RECORDS SHOWN ::
----------------
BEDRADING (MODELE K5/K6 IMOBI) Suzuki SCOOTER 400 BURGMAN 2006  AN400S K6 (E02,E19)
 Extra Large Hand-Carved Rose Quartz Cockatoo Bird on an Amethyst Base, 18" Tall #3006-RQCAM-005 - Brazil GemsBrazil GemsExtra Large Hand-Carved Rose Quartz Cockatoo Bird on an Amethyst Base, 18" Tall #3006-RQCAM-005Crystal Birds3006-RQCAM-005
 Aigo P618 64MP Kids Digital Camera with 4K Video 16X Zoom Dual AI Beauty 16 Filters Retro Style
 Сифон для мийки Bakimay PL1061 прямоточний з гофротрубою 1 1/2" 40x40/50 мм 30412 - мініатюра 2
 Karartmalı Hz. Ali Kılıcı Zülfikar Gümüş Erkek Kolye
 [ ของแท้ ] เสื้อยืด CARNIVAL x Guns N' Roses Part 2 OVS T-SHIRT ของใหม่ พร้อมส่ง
----------------
DESCRIPTION OF THE TASK :: Using the listing above, please repeat every entry exactly.

ANSWER BOX ::
BEDRADING (MODELE K5/K6 IMOBI) Suzuki SCOOTER 400 BURGMAN 2006  AN400S K6 (E02,E19)
 Extra Large Hand-Carved Rose Quartz Cockatoo Bird on an Amethyst Base, 18" Tall #3006-RQCAM-005 - Brazil GemsBrazil GemsExtra Large Hand-Carved Rose Quartz Cockatoo Bird on an Amethyst Base, 18" Tall #3006-RQCAM-005Crystal Birds3006-RQCAM-005
 Aigo P618 64MP Kids Digital Camera with 4K Video 16X Zoom Dual AI Beauty 16 Filters Retro Style
 Сифон для мийки Bakimay PL1061 прямоточний з гофротрубою 1 1/2" 40x40/50 мм 30412 - мініатюра 2
 Karartmalı Hz. Ali Kılıcı Zülfikar Gümüş Erkek Kolye
 [ ของแท้ ] เสื้อยืด CARNIVAL x Guns N' Roses Part 2 OVS T-SHIRT ของใหม่ พร้อมส่ง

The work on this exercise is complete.